Yeehyeon no podía apartar la mirada del pene de Liu. Al principio era solo curiosidad, pero pronto dejó de ser solo eso. De Yeehyeon comenzaron a brotar feromonas.

Inhalando ese aroma que no dejaba de surgir, Liu se acercó más a la cama, hasta que el colchón apilado rozó sus muslos. La mirada de Yeehyeon, que yacía exhausto, cambió.

Dándose la vuelta y quedando boca abajo, Yeehyeon se apoyó en los codos y se acercó a Liu. La distancia se redujo hasta que Liu podía sentir su aliento sobre el miembro. Incluso flácido, largo y pesado, Yeehyeon lo rodeó con los dedos. En cuanto lo tocó, el pene se estremeció y empezó a hincharse rápidamente.

Yeehyeon abrió la boca y tomó el glande.

Mm...

Liu cerró los ojos con languidez. Se acarició el pecho con amplitud y luego entrelazó los dedos en el cabello de Yeehyeon.

Mientras disfrutaba de las caricias y las feromonas de Yeehyeon, Liu notó de pronto el frasco de pastillas. Tomándolo de la cama, sujetó con suavidad el cabello de Yeehyeon y tiró hacia atrás.

—Yeehyeon.

—Mmh.

Yeehyeon, que ni siquiera había logrado tragar la mitad, apenas un tercio, y solo tenía el glande en la boca, alzó la mirada.

—Lo que tomé hoy no era un anticonceptivo.

La mirada de Yeehyeon, que estaba completamente relajada mientras chupaba el pene de Liu impregnado de feromonas, se sacudió con fuerza.

—Creo que me equivoqué de pastilla.

Yeehyeon escupió el glande que le llenaba la boca. Entre su lengua enrojecida y húmeda y el glande, el líquido preseminal se estiró en hilos. Liu lo limpió con el dorso de la mano.

Yeehyeon se incorporó y se quedó de rodillas frente a Liu.

—¿C-cómo... eso...? ¿Lo revisaste bien? No puede ser...

Yeehyeon se lanzó para arrebatarle el frasco, pero Liu lo rodeó por la cintura y lo atrajo contra su abdomen. Al perder el equilibrio, Yeehyeon cayó en sus brazos.

—¿Ves? Te sorprendiste.

—......

Yeehyeon, que lo miraba sin parpadear, frunció el ceño.

—¿Era una broma?

E intentó apartar los brazos de Liu.

—Eso demuestra que todavía no estamos listos para tener un bebé.

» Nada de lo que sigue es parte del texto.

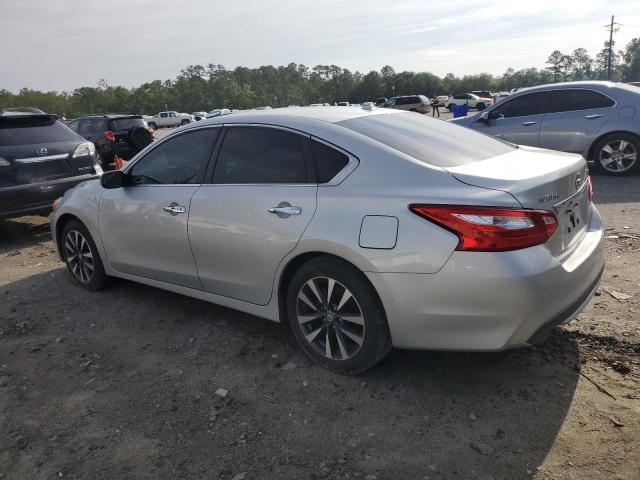 Седаны NISSAN ALTIMA 2016 Серебристый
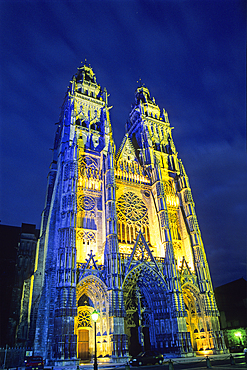 Cathedral of Saint Gatianus, Tours, Indre-et-Loire department, Centre region, France, Europe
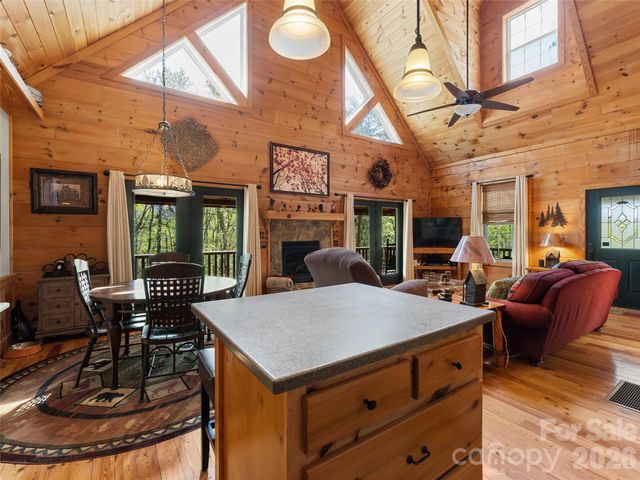 462 Deep Woods Lane, Saluda, NC 28773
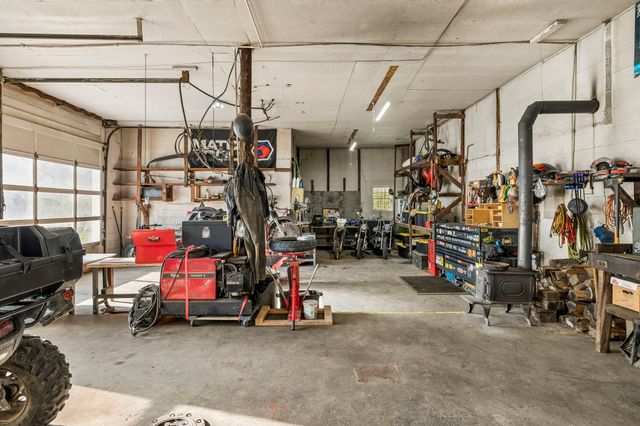 852 Highway 100, W, Centerville, TN 37033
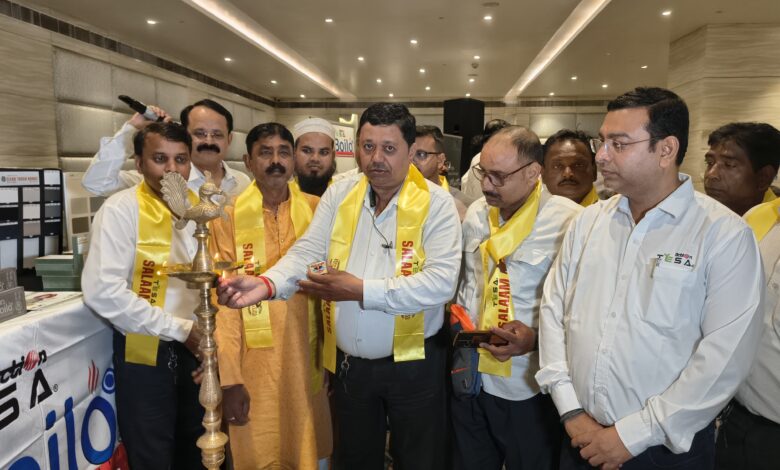 Action Tesa celebrated National Carpenter's Day and honored artisans in the wood furniture industry.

—No es eso, es que fue muy repentino y me asusté.

Pero Liu no lo soltó.

—Si de verdad estuvieras listo, no te habrías sorprendido así. Aunque mi anticonceptivo hubiera fallado, tú también tomaste el tuyo. ¿Era para tanto?

—No pensé en eso de inmediato, por eso.

Yeehyeon no se rindió fácilmente y siguió apretando la mano de Liu que rodeaba su cintura. Parecía realmente molesto.

Liu lo abrazó con ambos brazos, rodeándole la espalda y la cintura. Frotó los labios por su hombro desnudo, la nuca y cerca de la oreja, y con una voz cariñosa pidió perdón.

—No te enojes. No te enojes, cariño.

—...Es injusto.

Aunque su voz seguía algo áspera, Yeehyeon ya no intentó apartarse.

—Mm.

Liu apretó un poco más los brazos con los que lo abrazaba y le acarició con suavidad la parte de atrás de la cabeza. Luego sostuvo su rostro con ambas manos y besó su frente, el puente de la nariz y los labios. Con las frentes apoyadas una contra la otra, susurró:

—Nuestra luna de miel es solo para nosotros dos, y ocurre una sola vez en la vida.

—......

—No pasa nada si dura un poco más, ¿No?

■ ■ ■

Liu, que acababa de sacar a Yeehyeon de la bañera, le puso una bata y lo sentó frente al espejo del tocador.

Yeehyeon tenía un rostro somnoliento, como si fuera a quedarse dormido en cualquier momento. Con los párpados medio caídos, lo miró a través del espejo.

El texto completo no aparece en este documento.